Alquity – An Investment Model with a Heart
David Tebbutt gives us the lowdown on Paul Robinson’s fund that helps Africans.
Not so long ago, you’d have wondered who on earth would want to invest in countries like Brazil, China, Russia or India. Yet, in the past decade, they’ve developed quite remarkably. Now, despite the problems in North Africa, some would say that Africa as a whole offers fantastic development potential.
The Alquity Group, established 11 years ago, believes this to be the case and has started an Africa fund to help investors and ordinary Africans benefit from its activities. Not only does it invest in African companies and companies whose main business is in Africa, but it also donates a minimum of 25 percent of its management and performance fees to microfinance initiatives run by Opportunity International. Alquity Chairman Paul Robinson believes its fee structure is mid-range compared with similar operations, meaning that investors aren’t penalised for doing good.
Alquity’s investments are highly liquid – 90 percent of its holdings could probably be sold in three days and the remainder in a few more. It invests in substantial organisations with good prospects and is careful about which parts of Africa it considers. At the moment it’s investing in 11 of the 54 countries that make up the continent, the land area of which is so large it exceeds that of the USA, China, the EU and India combined.

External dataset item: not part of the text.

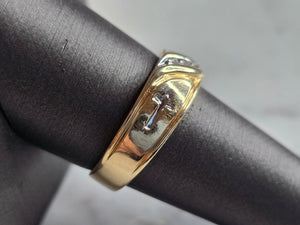 Mens Vintage Estate 10K Yellow Gold Religious Diamond Cross Ring 4.1g E5230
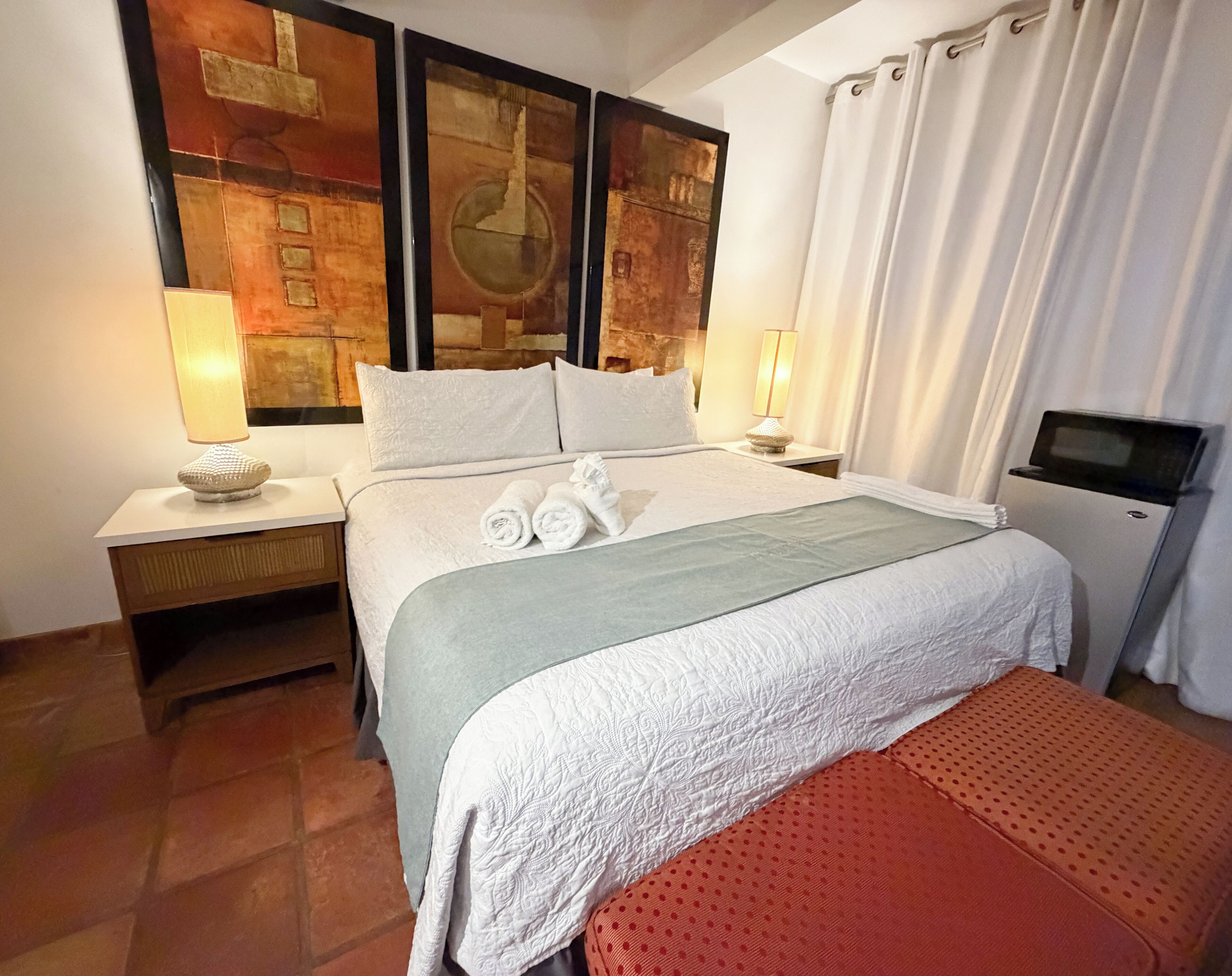 King Deluxe Accessible | Blackout drapes, iron/ironing board, free WiFi, bed sheets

According to the US Geological Survey, Africa has 89 percent of the world’s platinum, 74 percent of its chrome, 60 percent of its diamonds, 51 percent of its phosphates, 12 percent of its oil and 9 percent of its natural gas. And the figures for the last two are likely to be a gross understatement, as new discoveries are being made all the time.
The altruistic angle isn’t new to Alquity – the firm’s name is a blend of ‘altruism’ and ‘equity’. Its primary purpose is to deliver attractive returns regardless of ethics or social concerns. But then it believes in transforming lives through donations and sustainable investments. It takes its prospects’ environmental, social and corporate governance (ESG) stance into account, not least because it leads to better returns. It also takes RiskMetrics company ratings into consideration.
Paul Robinson is the mastermind behind this operation. He is also a trustee of the One Foundation and its trading arm, Global Ethics. He’s a serial entrepreneur who believes in ‘profit for a purpose’. The One Foundation sells condoms and uses the profits to fund HIV/AIDS projects in Africa. Profits from its bottled water help fund ‘play pumps’, which are roundabouts that pump water up into accessible storage from deep underground. In each case, the connection between purchased product and benefit in Africa is clear. The same goes for investment funds and microfinance – there’s a strong resonance between the two.
It’s early days for the fund, launched in the UK and Europe last June. While the parent group manages $130m in funds, Alquity Africa has so far grown from $1m to $5.14m. Robinson is on record as hoping to create 100,000 jobs in Africa by 2012. A sustainable job costs around £60 to create and each job supports around five people. Since performance fees don’t materialise until mid-year, it’s not really possible to measure progress towards that goal yet.
On the subject of giving investment advice, when pressed, Robinson said, “What investors choose to do depends on their risk profiles. But ask yourself about the prospects of Europe and the USA by comparison with developing countries.” He illustrated this with charts showing returns between 2000 and 2010, based on Bloomberg figures. The MSCI Developed Markets grew 32 percent while the Emerging Markets grew 350 percent. Both dipped substantially in 2007/8 but the Emerging Markets has made a slightly stronger recovery. Alquity is banking on the African markets performing in a similar way, recommending investment for at least three to five years.
The company’s top 10 holdings at the end of December represented about a third of the portfolio. In order of size, these were in South Africa, Nigeria, Egypt, Zambia and Ghana. Egypt is the only one that has been subject to recent upheavals. In sector sequence they were telecommunications, materials, energy, banks, food retailing, media and pharmaceuticals.
Investors, in theory, can do themselves and others good with very little effort. To pinch a phrase from Robinson, it’s “armchair philanthropy”.